1. A single boule. This is familiar to all of us. The need to shoot the only boule on the piste is a required skill in Petanque and the varying distances replicate game lengths. The target boule is to be shot with points awarded thus; One point for a hit. Three points if the target boule leaves the circle. Five points for a careau. No points if the boule thrown lands outside the circle and continues into the circle to hit the target.

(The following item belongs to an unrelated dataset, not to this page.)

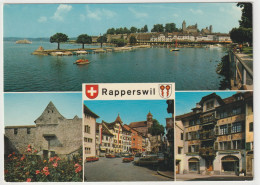 Rapperswil, St. Gallen, Schweiz - St. Gallen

The aim is to hit the boule. It looks simple and as you start at the shortest distance the very first shot you play in the session can be the hardest to do in reality. Why do most teams shift the jack to 6 metres when playing? It is because shooting at 6 metres can be very difficult. Getting the boule up in the loop and then down again to hit the boule is tricky. The natural distance for most players is 7 to 8 metres. This gives time for the boule to be released from the hand with power to hit the target. Shorter distances mean most people take away the power, but that can take away direction and can cause a floppy shot without length. With any shot over a short distance try replacing power with backspin. This will keep the power in the boule so the shot is under control and may help the carreau. The other fact that over a short distance the back swing gets shorter. It should not! Just because the arm is a long way back does not mean the throw has to be hard. Difficult to do but comes with practice. Also, no pressure but everyone expects you to hit the first boule as it is seen to be the easiest! Prepare that it is not. Concentration is required though out the whole session however a miss here is not a disaster. In fact most players miss this boule.
Common faults at this stage are
1.Foot faults. Many, many players lift a foot or step out of the circle before the boule hits the ground. A habit many get away with during a game as not many players are looking at your feet. In the shooting competition you have two umpires, one who’s sole (get it?) purpose is to watch your feet. Habits can be hard to brake and a carreau at this point taken away because a foot fault is difficult to take. As an aside I watched one of the top shooters in the country set themselves up in the circle to shoot and just before the boule left their hand they took a step forward out of the front of the circle. This must have been part of their shooting routine as they did it without fail every time. This would be difficult to stop in a shooting competition making the shooter feel ill at ease and possibly putting it down to nerves when in effect they are doing something they have never practices or carry out as a matter of habit. Shooting with both feet in the circle, Unnatural ?
2. Distractions from the equipment. The first length at 6 metres is not too band but once you step back for shots at 7 and 8 the equipment springs into view and can be distracting. If you can practice by shooting over items on the ground so you can focus only on the boule and not the strange layouts on the ground during the competition
3 Shoot and miss then step back and shoot again is not something you ever will do in a game unless the boule and jack have jumped off together into the distance. The shot and then reset at a different length must be practised.